Problem details: Only certain lines below are wanted: those starting at the line containing "536 E Silverwood" and ending at the line containing "1160 Caen Avenue, Woodstock, Ontario", both included, each retyped exactly.

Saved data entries
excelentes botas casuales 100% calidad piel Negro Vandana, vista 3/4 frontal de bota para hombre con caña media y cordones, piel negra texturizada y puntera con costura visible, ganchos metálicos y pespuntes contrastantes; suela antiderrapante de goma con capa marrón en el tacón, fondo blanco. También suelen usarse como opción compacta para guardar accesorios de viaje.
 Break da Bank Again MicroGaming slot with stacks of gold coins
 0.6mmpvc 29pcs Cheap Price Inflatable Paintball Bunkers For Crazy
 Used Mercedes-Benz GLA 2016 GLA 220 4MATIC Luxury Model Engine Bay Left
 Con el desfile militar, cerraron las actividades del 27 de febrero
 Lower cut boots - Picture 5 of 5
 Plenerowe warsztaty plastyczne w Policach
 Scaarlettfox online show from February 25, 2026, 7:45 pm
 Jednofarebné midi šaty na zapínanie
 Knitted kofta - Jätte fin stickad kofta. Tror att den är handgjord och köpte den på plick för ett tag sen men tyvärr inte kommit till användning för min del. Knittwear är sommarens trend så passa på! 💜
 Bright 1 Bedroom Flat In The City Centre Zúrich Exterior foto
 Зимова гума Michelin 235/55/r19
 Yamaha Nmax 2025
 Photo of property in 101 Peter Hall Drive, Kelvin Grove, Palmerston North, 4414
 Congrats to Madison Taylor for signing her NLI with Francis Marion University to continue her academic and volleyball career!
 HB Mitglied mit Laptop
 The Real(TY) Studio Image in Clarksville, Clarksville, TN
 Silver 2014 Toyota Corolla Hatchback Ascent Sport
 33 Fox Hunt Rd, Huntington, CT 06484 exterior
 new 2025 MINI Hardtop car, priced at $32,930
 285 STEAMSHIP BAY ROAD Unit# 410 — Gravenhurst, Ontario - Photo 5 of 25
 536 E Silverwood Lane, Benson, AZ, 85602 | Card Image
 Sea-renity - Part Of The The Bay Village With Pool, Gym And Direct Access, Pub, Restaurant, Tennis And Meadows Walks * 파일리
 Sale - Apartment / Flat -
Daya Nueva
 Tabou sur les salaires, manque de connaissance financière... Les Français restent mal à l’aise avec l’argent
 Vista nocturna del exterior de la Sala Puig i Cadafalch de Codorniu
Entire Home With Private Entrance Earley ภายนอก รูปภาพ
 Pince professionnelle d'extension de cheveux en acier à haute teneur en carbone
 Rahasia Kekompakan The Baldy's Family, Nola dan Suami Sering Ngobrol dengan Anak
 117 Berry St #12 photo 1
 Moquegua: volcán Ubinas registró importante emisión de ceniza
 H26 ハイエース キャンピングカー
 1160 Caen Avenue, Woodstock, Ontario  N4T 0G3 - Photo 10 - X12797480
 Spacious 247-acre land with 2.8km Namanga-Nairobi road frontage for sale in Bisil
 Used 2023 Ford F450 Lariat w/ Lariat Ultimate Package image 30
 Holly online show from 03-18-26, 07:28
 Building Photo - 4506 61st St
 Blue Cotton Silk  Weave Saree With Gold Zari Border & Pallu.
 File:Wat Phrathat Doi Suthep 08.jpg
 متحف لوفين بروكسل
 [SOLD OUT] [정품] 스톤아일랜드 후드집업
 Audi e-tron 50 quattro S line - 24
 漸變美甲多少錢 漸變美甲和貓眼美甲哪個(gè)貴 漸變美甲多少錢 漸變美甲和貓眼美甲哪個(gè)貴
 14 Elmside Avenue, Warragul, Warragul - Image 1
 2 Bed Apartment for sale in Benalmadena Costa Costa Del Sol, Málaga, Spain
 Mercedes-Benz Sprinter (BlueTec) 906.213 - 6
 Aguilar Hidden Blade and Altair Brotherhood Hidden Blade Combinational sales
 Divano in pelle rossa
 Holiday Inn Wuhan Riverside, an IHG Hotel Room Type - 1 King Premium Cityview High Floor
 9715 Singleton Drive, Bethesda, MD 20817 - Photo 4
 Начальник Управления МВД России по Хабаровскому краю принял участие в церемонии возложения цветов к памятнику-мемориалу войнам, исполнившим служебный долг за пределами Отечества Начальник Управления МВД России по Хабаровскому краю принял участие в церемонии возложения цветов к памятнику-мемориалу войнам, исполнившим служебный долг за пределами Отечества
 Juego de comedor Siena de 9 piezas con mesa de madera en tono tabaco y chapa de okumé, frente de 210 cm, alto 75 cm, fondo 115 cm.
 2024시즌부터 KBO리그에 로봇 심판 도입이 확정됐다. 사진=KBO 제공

Output for this task:
 536 E Silverwood Lane, Benson, AZ, 85602 | Card Image
 Sea-renity - Part Of The The Bay Village With Pool, Gym And Direct Access, Pub, Restaurant, Tennis And Meadows Walks * 파일리
 Sale - Apartment / Flat -
Daya Nueva
 Tabou sur les salaires, manque de connaissance financière... Les Français restent mal à l’aise avec l’argent
 Vista nocturna del exterior de la Sala Puig i Cadafalch de Codorniu
Entire Home With Private Entrance Earley ภายนอก รูปภาพ
 Pince professionnelle d'extension de cheveux en acier à haute teneur en carbone
 Rahasia Kekompakan The Baldy's Family, Nola dan Suami Sering Ngobrol dengan Anak
 117 Berry St #12 photo 1
 Moquegua: volcán Ubinas registró importante emisión de ceniza
 H26 ハイエース キャンピングカー
 1160 Caen Avenue, Woodstock, Ontario  N4T 0G3 - Photo 10 - X12797480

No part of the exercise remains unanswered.